In 2007, the Suburban Newspapers of America named the Cape Cod Times "Newspaper of the Year," with the American Press Institute judging the Times to be "one of the country's elite newspapers." The following year (2008), the New England Press Association named the Times "Newspaper of the Year."

In November 2019, Pronovost resigned as executive editor. He went on to become communications director at Saint Anselm College.

Five months later, in April 2020, Gannett announced layoffs in the newsroom, including long-established and popular reporters. On May 24, 2020, further budgetary constraints resulted in the newspaper ending its editorial page; Anne Brennan, Editor-in-Chief, said that the paper would neither take editorial positions or endorse politicians. The newsroom staff has shrunk by half over 6 years – from 32 to 15 between 2016 and 2022.
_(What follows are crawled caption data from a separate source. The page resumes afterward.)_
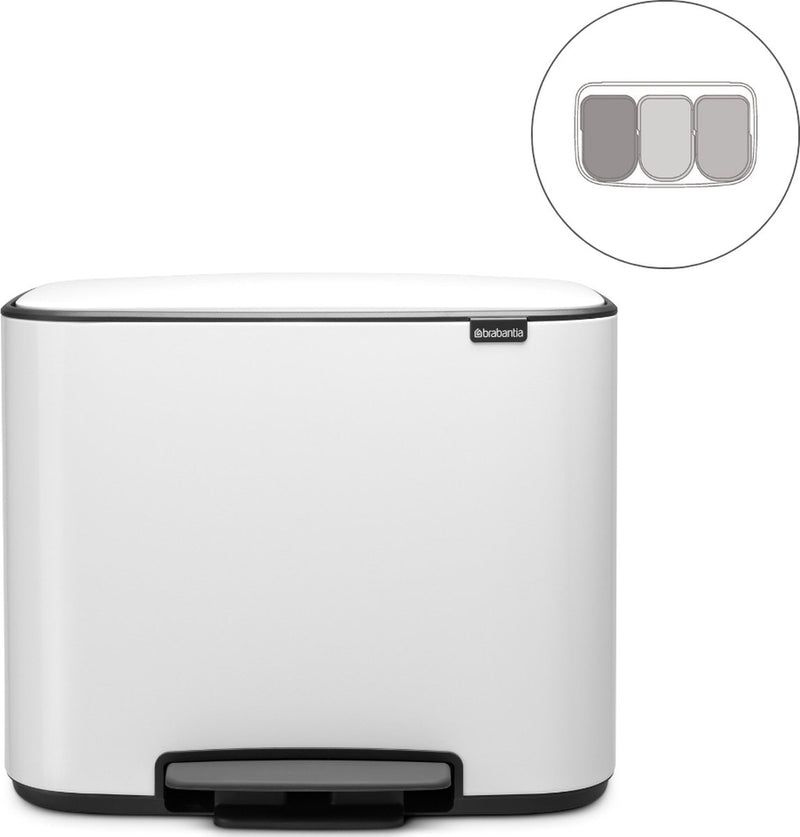 Brabantia bo prullenbak - 3 x 11 liter - afvalscheiding - white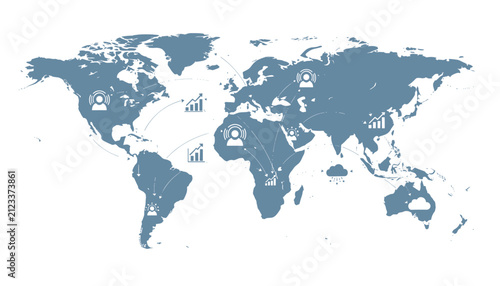Global business network map features call center agents, growth charts, and cloud computing icons across the continents.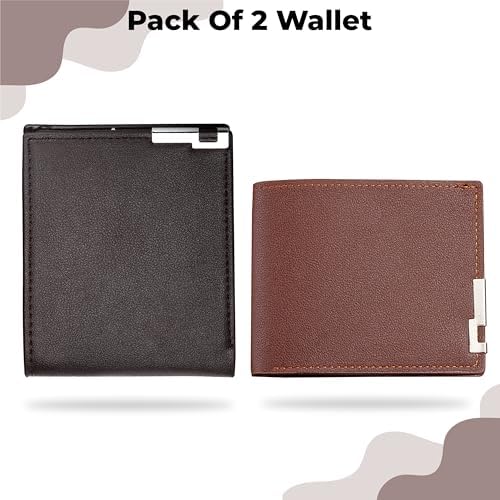 Image of Kraptick Men's Premium Textured Leather Wallet Bifold with Metal Accent Slim Travel Purse with Multi-Card Slots & Currency Compartment Ideal Gift for Men (Pack of 2) (Black & Brown)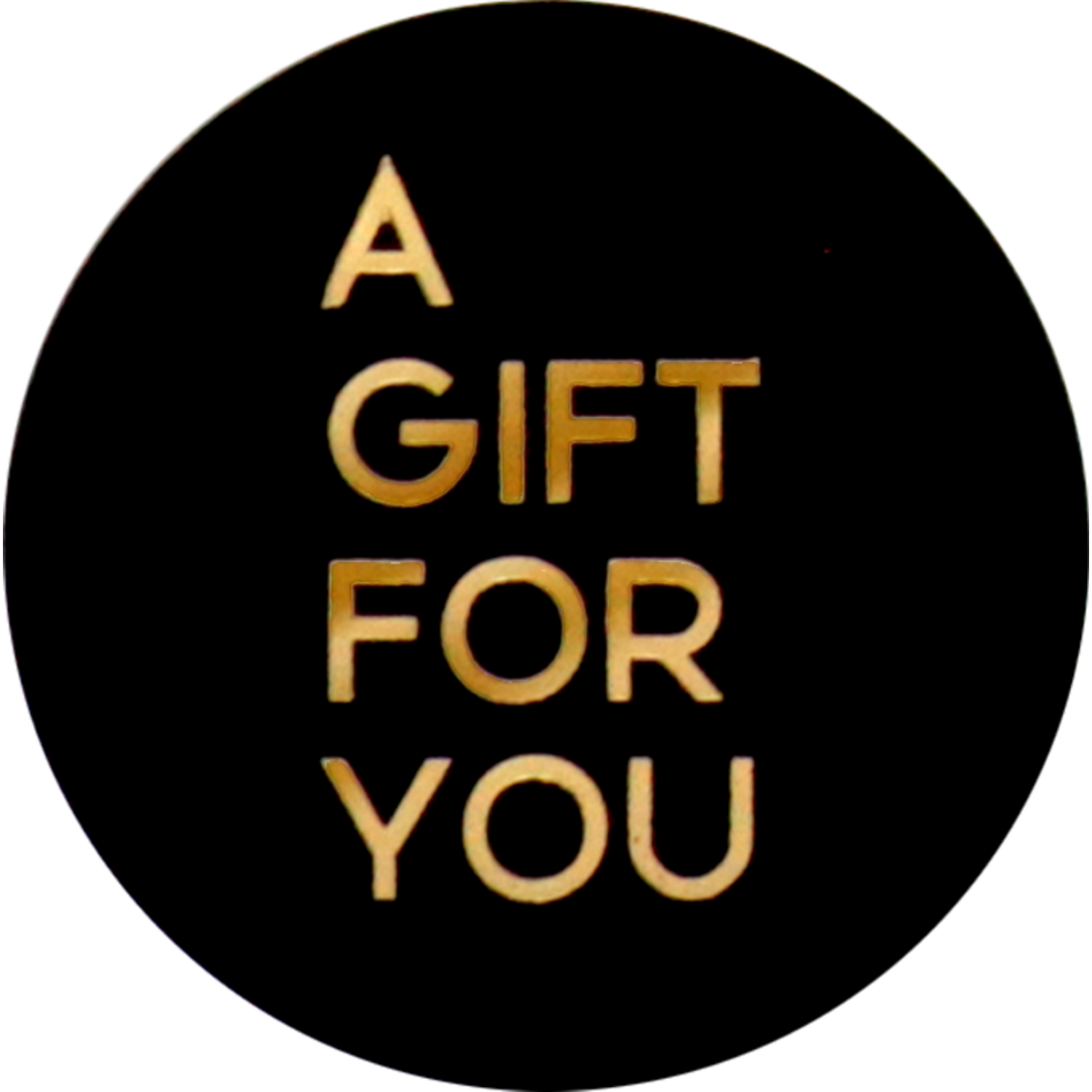 Label, paper, A gift for you, ∅40mm, schwarz/Gold 1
In June 2022, the Cape Cod Times followed Gannett's lead regarding opinion pieces and reduced its opinion content still further. The Times now limits publication of letters to the editor and op-ed pieces to the Saturday and Sunday editions.

In March 2022, the Cape Cod Times stopped publishing a print edition on Saturdays, a move that was part of Gannett's eliminating Saturday print editions at half of the more than 250 daily U.S. newspapers it owned.